If you still don’t think it matters to the institutional Church that the majority of the membership is opposed to female ordination, consider the elevated import the Church’s official response to the planned action places on the need for wide consensus among, at least, LDS women. Paragraph two of the March 17th statement to OW from the Public Affairs Office reads: “Women in the church, by a very large majority, do not share your advocacy for priesthood ordination for women and consider that position to be extreme.” With this line, the Church has officially acknowledged that nothing will happen until the membership desires it. In essence, the statement outlines the preparatory work OW must accomplish: Ready the soil (ready the culture) or the seed will not take root. Individual supporters of Ordain Women may feel ready for female ordination, but most active, faithful LDS women aren’t giving it serious consideration.

The David and Goliath Paradigm: After the Church’s PR department issued its statement, I came across one LDS feminist’s comparison of the Ordain Women/LDS Church paradigm to that of David and Goliath. Though not a proponent of female ordination, she felt that the church’s statement was combative and that issuing it was a public relation faux pas david--goliath-grangerfor the Church. She reasoned, the little guy always wins the hearts of the people.

Perhaps in the non-LDS world, Ordain Women gains sympathy because the statement establishes a David and Goliath paradigm between OW (David) and the Church (Goliath), but the opposite will be true in the LDS world.  Mainstream Mormons are going to root for their Church which, unlike Goliath, they view as good and true.

As I reflect on the David and Goliath paradigm, it strikes me as something OW should be careful to avoid. Consider the Biblical story: A young upstart picks up a stone and, using his slingshot, kills Goliath, the giant. After this success, David chops off the giant’s head and eventually becomes the leader of the people. The David and Goliath analogy suggests that Ordain Women wants to destroy the Church and assume leadership. This paradigm feeds the fears of the mainstream LDS. Maybe the PR department was calculating enough to intentionally establish this paradigm, but I’ll give the good people who serve there the benefit of the doubt. Regardless, OW now has to live with the fact that the paradigm is publicly established. The Church, as host of the event we call the Priesthood Session, has asked OW to refrain from their planned public action. If OW does not stay away, it will appear to the membership that, like David, they have picked up a stone. It may not be their intent to be combative, but combativeness will be the perception of mainstream Latter-day Saints, regardless of the smiles worn by OW supporters. Martin Luther King urged his supporters to remain non-violent. The trouble is, in Mormondom, disharmony and dissension are esteemed darn near as detrimental to spiritual growth as violence is to peaceful reform. The televised image of OW not walking toward the doors of the Priesthood session, but assembling elsewhere, will communicate a peaceful and positive message about them to the membership.

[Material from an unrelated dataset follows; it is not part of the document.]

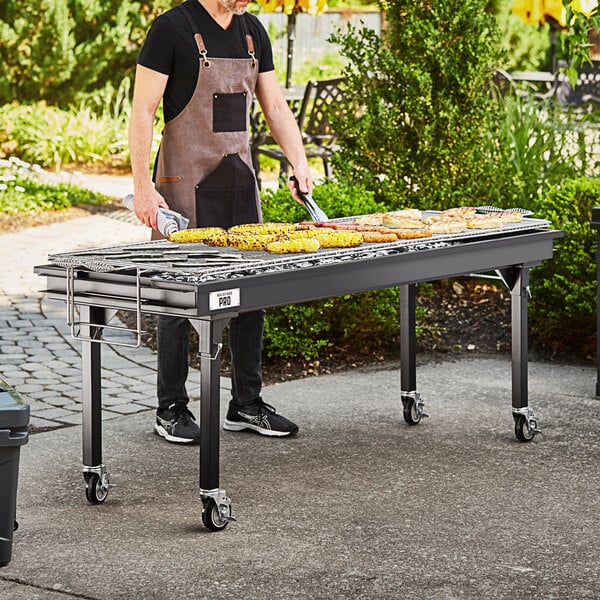 A man grilling corn on a Backyard Pro charcoal grill set up on a table outdoors.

The only stones Ordain Women should be picking up are those which clear the field for planting. I urge them to stay away from the doors of the Priesthood Session this weekend. As I see it, this is the best action OW can take at this moment in history. It will begin to soften the hearts of the general membership toward them and, by extension, their cause. OW has a choice: They either move toward the doors of the Conference Center or toward the embrace of mainstream Mormons. At the end of the day, they will not find themselves inside either, but at least one of these directions will bring them closer to a Church readied for what they desire.

I caution them to choose prayerfully and wisely what they will be communicating this weekend. And to whom.

“He that is without sin among you, let him cast a first stone…” John 8:32.